Impariamo 7 piccole regole



– Avvicinarsi alle community
– Ascoltare
– Trasmettere Veri Valori
– Offrire contenuti di qualità
– Essere sempre coerenti e trasparenti
– Mantenere informati tutti i dipendenti sulle politiche di social marketing dell’azienda
– Lasciare la possibilità agli utenti-clienti di esprimersi, ma dettare delle regole.

Cosa fare per iniziare:
Prima di iniziare un progetto è necessario analizzare il mercato e scegliere i prodotti giusti in base alla strategia aziendale, a volte si può scegliere di utilizzare brand e prodotti a maggiore penetrazione e minore margine, l’ideale sarebbe iniziare con dei prodotti pilota per valutare l’effettiva redemption e poi stabilire i piani strategici, altro aspetto è l’analisi della Web Reputation dell’azienda, se già esistente o del brand che si propone se si vende un prodotto di terze parti, in questo modo si potranno evitare situazioni a dir poco imbarazzanti e potenzialmente dannose all’investimento appena effettuato.
Inoltre, è fondamentale capire cosa interessa ai propri utenti o meglio stabilire su quale target operare, ma non dimenticate che il “target” sono persone, non abbiate paura di comunicare con loro.
Non indirizziamo l’utente sul nostro negozio utilizzando comunicazioni ingannevoli o escamotage…Avremo solo perso del tempo!

Il Social Commerce



Cosa è il Social Commerce (Fonte Wikipedia)
«Il Social Commerce è l’evoluzione in senso web 2.0 del commercio online (ecommerce), che consente una maggiore interattività e partecipazione da parte dei clienti, attraverso blog, sistemi wiki e la condivisione di articoli scritti dai membri delle community ».
Grazie alla rete che favorisce uno continuo scambio di conoscenza, i mercati sono più informati, più intelligenti e più esigenti rispetto alle qualità. Le aziende possono ora comunicare direttamente con i loro mercati, ma devono farlo con voce umana e non artificiosa, condividendo i problemi della loro comunità, e dimostrando di appartenere ad essa.
Un Esempio: caso Ikea. Sul sito si trovano i prodotti, il catalogo, le news, ma anche idee; gli utenti possono lasciare commenti, inserire foto, proporre suggerimenti. Inoltre è presente la call to action: vedo una cosa e la compro subito.

Il Mobile Commerce
L’acquisto di impulso è altamente favorito dalle potenzialità del Mobile Commerce. Grazie ad App, o altre applicazioni o grazie a sistemi come Groupon, Groupalia si può agire sulle leve che inducono il consumatore all’acquisto, rendendo i l prodotto allettante e subito disponibile.

Cosa è il Mobile Commerce

(Fonte Wikipedia)

“Il Mobile Commerce è una qualsiasi transazione che implica il trasferimento di proprietà o di diritti all’uso di beni e servizi, la quale è avviata e/o conclusa attraverso l’uso di dispositivi mobili connessi ad una rete di computer.”
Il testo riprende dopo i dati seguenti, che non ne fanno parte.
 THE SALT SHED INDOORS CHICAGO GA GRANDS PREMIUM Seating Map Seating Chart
Se ancora non ne avessimo coscienza, oggi siamo parte di un mondo in cui i bambini sono Digital Native, in cui il numero di messaggi di testo spediti e ricevuti ogni giorno eccede il totale della popolazione del pianeta ed in cui gli anni per raggiungere un mercato di 50 milioni di utenti sono 38 per la Radio, 13 per la tv, 4 per internet, 3 per l’i-pod, fino a 2 per Facebook (fonte: video “Did you Know”).
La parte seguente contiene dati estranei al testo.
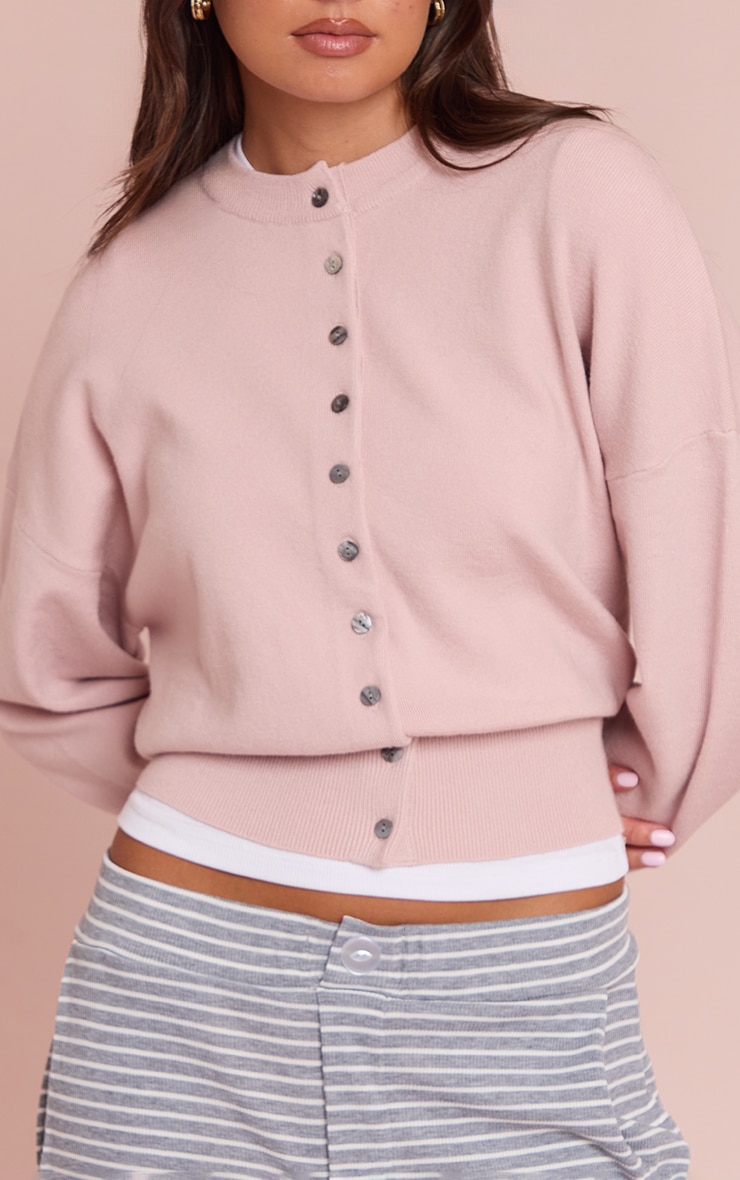 Cardigan en maille tricot compacte rose image 4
Internet permette delle conversazioni tra esseri umani che erano semplicemente impossibili nell’era dei mass media. Queste conversazioni in rete stanno facendo nascere nuove forme di organizzazione sociale e un nuovo scambio della conoscenza.
Il digitale non è la soluzione vincente o l’unica soluzione, è un mezzo-modo aggiuntivo per fare vendita e marketing, ma occorre essere preparati, investire e soprattutto LAVORARE … TANTISSIMO!